- Let $s \in \mathbb{C}$ with $\mathrm{Re}(s)>1$, and let $c>1$ such that $\mathrm{Re}(s)>c$. Notice that
\begin{align*}
\left| \sum_{\substack{p \text{ prime} \\ m \geq 1}} \frac{p^{-ms}}{m} \right| &=\left| \sum_{\substack{p \text{ prime} \\ m \geq 1}} \frac{1}{p^{ms}m} \right| \\ &\leq \sum_{\substack{p \text{ prime} \\ m \geq 1}} \left|\frac{1}{p^{ms}m} \right| \\
& = \sum_{\substack{p \text{ prime} \\ m \geq 1}} \frac{1}{p^{\mathrm{Re}(ms)}m} \\
& \underbrace{\leq }_{\mathrm{Re}(s)>c} \sum_{\substack{p \text{ prime} \\ m \geq 1}} \frac{1}{p^{mc}m}.
\end{align*}
Now, since the $k^{\text{th}}$ prime is greater than $k$
$$\sum_{\substack{p \text{ prime} \\ m \geq 1}} \frac{1}{p^{mc}m} \leq \sum_{\substack{k \geq 2 \\ m \geq 1}} \frac{1}{k^{mc}m} \leq \sum_{\substack{k \geq 2 \\ m \geq 1}} \frac{1}{k^{mc}}.$$
Finally,
\begin{align*}
\sum_{\substack{k \geq 2 \\ m \geq 1}} \frac{1}{k^{mc}} &=\sum_{k \geq 2} \left( \frac{1}{1-\frac{1}{k^{c}}}-1 \right) \\
&=\sum_{k \geq 2} \frac{1}{k^{c}-1} \\
&<\infty.
\end{align*}
By the Weierstrass $M$-test, this computation implies that $\sum \frac{p^{-ms}}{m}$ converges uniformly when $\mathrm{Re}(s)>1$.
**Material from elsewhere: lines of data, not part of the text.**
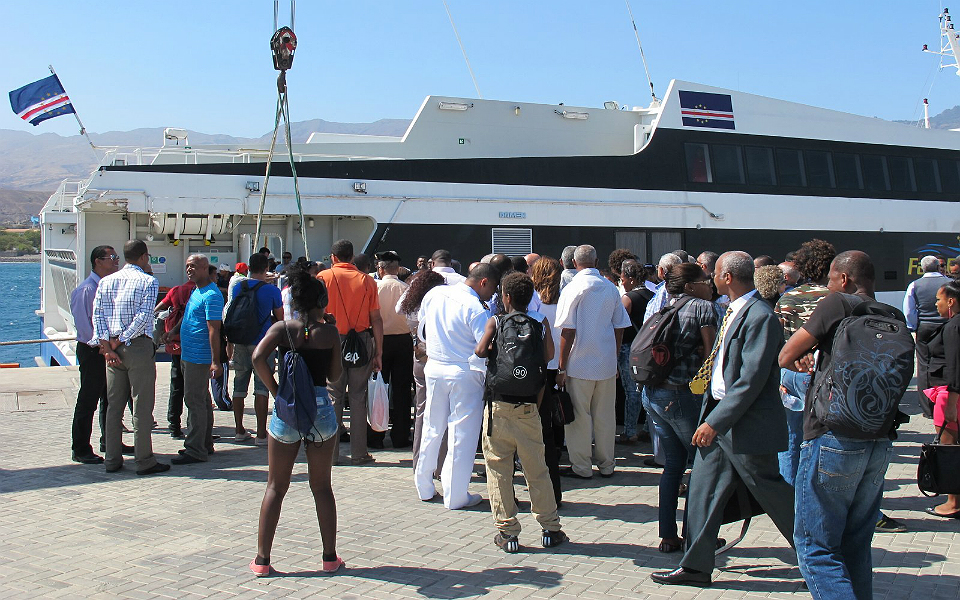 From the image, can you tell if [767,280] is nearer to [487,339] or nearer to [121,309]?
[487,339]

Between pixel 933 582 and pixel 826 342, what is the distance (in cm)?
156

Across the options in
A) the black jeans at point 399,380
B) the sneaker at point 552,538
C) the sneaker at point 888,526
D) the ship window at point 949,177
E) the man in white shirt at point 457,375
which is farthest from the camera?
the ship window at point 949,177

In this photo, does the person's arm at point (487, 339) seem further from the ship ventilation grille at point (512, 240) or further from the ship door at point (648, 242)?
the ship door at point (648, 242)

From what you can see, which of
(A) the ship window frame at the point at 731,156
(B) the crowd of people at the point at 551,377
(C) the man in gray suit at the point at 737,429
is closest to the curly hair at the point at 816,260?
(B) the crowd of people at the point at 551,377

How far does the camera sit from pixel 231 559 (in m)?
4.46

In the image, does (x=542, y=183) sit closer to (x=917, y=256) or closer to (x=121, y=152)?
(x=121, y=152)

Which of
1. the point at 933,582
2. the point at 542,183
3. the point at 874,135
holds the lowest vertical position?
the point at 933,582

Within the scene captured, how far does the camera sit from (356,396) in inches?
261

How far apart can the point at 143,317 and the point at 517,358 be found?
3374 millimetres

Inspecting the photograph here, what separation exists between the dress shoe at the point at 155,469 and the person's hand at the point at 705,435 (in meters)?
4.46

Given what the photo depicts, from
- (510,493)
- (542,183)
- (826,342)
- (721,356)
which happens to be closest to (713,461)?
(721,356)

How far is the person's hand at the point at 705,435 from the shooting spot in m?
3.88

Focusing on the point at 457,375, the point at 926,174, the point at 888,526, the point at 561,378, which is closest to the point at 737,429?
the point at 888,526

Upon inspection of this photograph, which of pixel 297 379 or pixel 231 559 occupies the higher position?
pixel 297 379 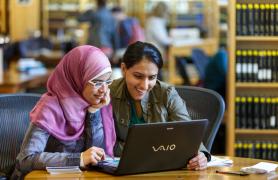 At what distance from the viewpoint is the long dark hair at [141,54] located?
10.8 feet

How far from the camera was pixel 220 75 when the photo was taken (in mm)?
6879

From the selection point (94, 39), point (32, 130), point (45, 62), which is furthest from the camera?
point (45, 62)

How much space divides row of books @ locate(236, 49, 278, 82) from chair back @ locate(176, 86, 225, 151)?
6.50 feet

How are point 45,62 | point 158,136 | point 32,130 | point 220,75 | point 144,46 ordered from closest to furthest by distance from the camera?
point 158,136, point 32,130, point 144,46, point 220,75, point 45,62

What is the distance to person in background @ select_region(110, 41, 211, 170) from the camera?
130 inches

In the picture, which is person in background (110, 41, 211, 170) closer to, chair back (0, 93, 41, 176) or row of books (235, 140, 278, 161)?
chair back (0, 93, 41, 176)

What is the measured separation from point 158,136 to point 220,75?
4.14 meters

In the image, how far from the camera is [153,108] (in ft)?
11.2

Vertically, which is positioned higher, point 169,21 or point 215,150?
point 169,21

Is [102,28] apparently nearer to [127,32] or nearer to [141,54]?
[127,32]

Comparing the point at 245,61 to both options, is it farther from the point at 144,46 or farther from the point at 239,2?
the point at 144,46

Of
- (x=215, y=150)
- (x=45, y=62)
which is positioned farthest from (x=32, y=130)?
(x=45, y=62)

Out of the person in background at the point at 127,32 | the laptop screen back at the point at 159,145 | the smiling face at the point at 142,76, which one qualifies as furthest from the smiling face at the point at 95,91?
the person in background at the point at 127,32

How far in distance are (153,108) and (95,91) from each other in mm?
391
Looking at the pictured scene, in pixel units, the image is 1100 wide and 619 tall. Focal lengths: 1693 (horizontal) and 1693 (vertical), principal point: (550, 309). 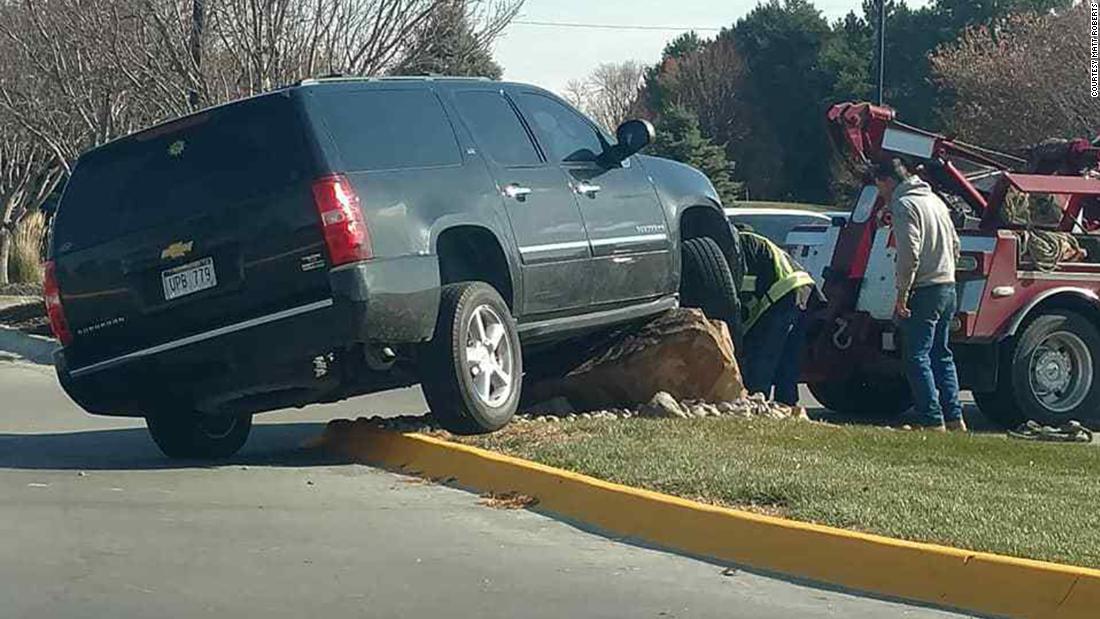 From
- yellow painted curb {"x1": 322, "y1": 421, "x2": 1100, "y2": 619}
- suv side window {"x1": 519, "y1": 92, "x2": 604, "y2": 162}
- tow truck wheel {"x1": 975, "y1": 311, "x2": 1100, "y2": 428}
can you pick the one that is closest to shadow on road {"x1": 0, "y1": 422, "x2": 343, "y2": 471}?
yellow painted curb {"x1": 322, "y1": 421, "x2": 1100, "y2": 619}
Since the uniform limit of holomorphic functions is holomorphic, the previous step implies that $\log(\zeta(s))$ is holomorphic for $\mathrm{Re}(s)>1$. Then you can differentiate the series of $\log(s)$ term by term to obtain
$$ \frac{\zeta'(s)}{\zeta(s)}=\frac{d}{ds} \log(\zeta(s))=\sum_{m,p} \frac{d}{ds}\frac{p^{-ms}}{m}=-\sum_{m,p} (\log p) p^{-ms}.$$
The equality $-\sum_{m,p} (\log p) p^{-ms}=-\sum_{n=1}^{\infty} \frac{\Lambda(n)}{n^{s}}$ comes from the definition of the Von Mangoldt function:
$$\Lambda(n)=\begin{cases} \log p & \text{if }n=p^{m}, \\ 0 & \text{otherwise} \end{cases}.$$
Thus
$$\sum_{n=1}^{\infty} \frac{\Lambda(n)}{n^{s}}=\sum_{\substack{p \text{ prime} \\ m \geq 1}} \frac{\log p}{p^{ms}}.$$
I will show that $\sum_{n=1}^{\infty} \frac{\Lambda(n)}{n^{s}}$ converges uniformly using the Weiestrass $M$-test. As before, take $s$ with $\mathrm{Re}(s)>1$, and let $c>1$ such that $\mathrm{Re}(s)>c$. By definition of the Von Mangoldt function you have the following bound
\begin{align*}
\left| \sum_{n=1}^{\infty} \frac{\Lambda(n)}{n^{s}} \right| &\leq \sum_{n=1}^{\infty} \left| \frac{\Lambda(n)}{n^{s}} \right| \\
& =\sum_{n=1}^{\infty} \frac{\Lambda(n)}{n^{\mathrm{Re}(s)}} \\
& \leq \sum_{n=1}^{\infty} \frac{\log(n)}{n^{c}}.
\end{align*}
Since for any $A>0$ we have $\log(n)<\frac{n^{A}}{A}$, we obtain that
$$ \sum_{n=1}^{\infty} \frac{\log(n)}{n^{c}} \leq \frac{1}{A} \sum_{n=1}^{\infty} \frac{1}{n^{c-A}}.$$
If you choose $A$ such that $c-A>1$ (which exists because $c>1$), then you obtain that the RHS of this inequality is finite. So, in virtue of the Weiestrass $M$-test the series of holomorphic functions $\sum_{n=1}^{\infty} \frac{\Lambda(n)}{n^{s}}$ is uniformly convergent. This kind of convergence allow you to change the integral with the series.